Ashwagandha Tincture 

Items for Production

  • Disposable vinyl gloves
  • Alcohol 100 proof 
  • Batch jars (1 gallon wide mouth glass)
  • Lids for batch jars
  • Scale 
  • Tincture press
  • Cheesecloth or press filter bags

Procedure

  1. Put on a pair of disposable vinyl gloves.
  2. Weigh fresh Ashwagandha root to be used and document the weight.
  3. Place the plant material in a vat of clean room temperature water.
  4. Wash away all dirt rubbing vigorously with hands and/or a vegetable brush.
  5. Repeat this procedure again.
  6. Rinse well.
  7. Place plant material in a colander over the sink to drain excess water.
  8. Shake the colander to promote drainage.
  9. Allow the plant material  to sit until heavy dripping is subsided.
  10. Chop the fresh root into small 1/4 inch pieces (This increases the amount of  plant material surface exposed to alcohol for more complete extraction of minerals )
  11. Spread the chopped root out onto a flat tray to air dryer for an hour.

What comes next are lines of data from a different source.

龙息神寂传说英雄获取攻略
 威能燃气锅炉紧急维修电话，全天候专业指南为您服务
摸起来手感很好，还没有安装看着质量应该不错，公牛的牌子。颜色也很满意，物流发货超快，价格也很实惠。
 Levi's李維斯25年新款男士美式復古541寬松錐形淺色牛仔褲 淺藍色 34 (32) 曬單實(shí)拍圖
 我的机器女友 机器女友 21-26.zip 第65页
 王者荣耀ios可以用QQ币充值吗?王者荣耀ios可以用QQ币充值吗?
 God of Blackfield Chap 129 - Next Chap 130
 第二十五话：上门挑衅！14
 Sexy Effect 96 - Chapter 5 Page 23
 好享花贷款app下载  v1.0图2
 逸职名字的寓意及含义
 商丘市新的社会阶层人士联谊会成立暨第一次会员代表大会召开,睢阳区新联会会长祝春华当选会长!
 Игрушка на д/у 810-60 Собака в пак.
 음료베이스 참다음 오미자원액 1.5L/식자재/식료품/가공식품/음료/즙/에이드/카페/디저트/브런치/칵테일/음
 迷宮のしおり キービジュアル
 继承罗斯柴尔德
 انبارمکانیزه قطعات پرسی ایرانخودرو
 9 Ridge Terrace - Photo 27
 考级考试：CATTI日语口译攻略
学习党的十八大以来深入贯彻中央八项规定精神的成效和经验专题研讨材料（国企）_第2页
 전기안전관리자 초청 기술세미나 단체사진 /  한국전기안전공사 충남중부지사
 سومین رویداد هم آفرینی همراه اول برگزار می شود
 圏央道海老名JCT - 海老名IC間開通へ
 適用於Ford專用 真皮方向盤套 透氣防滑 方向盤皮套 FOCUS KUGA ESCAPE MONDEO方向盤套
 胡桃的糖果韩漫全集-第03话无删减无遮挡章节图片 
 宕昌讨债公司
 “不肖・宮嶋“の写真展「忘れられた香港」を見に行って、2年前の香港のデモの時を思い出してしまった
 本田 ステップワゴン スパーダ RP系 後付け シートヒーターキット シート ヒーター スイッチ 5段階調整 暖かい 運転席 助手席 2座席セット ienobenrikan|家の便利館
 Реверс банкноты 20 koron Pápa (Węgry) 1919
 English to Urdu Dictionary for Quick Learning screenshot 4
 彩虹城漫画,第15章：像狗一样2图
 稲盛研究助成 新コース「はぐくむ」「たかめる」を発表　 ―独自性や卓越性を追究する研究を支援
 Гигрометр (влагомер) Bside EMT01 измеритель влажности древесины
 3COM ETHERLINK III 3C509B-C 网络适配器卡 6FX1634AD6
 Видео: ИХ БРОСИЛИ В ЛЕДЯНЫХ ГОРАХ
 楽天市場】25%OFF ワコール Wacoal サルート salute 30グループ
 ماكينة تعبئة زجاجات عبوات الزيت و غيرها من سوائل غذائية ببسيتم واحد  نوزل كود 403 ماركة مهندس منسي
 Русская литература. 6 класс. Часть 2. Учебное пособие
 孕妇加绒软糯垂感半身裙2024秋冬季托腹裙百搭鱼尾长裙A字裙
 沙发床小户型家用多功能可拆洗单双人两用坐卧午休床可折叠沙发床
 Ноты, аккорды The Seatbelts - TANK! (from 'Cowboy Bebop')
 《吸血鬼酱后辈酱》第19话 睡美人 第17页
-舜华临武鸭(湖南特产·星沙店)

This decreases moisture.
  12. Fill a 1 gallon wide mouth jar with the chopped Ashwagandha root to 2 inches below the top.
  13. Add 100-140 proof alcohol to the top of the jar.
  14. Cover tightly and place in a dark place for 4 weeks or more.
  15. The tincture may be left to mature for several months.
  16. Shake up the tincture batch jar periodically (Shaking daily is preferable).
  17. After the curing period, pour off the tincture through a strainer into a separate glass container.
  18. The tincture can be filtered further by pouring it through a coffee filter.
  19. Take the remaining dregs and place them in a filter bag or cheesecloth. Place this bag in the herb press.
  20. Tighten the press until all of the remaining tincture is pressed out of the dregs.
  21. Release the pressure and take out the the compressed plant material cake. Add it to your compost.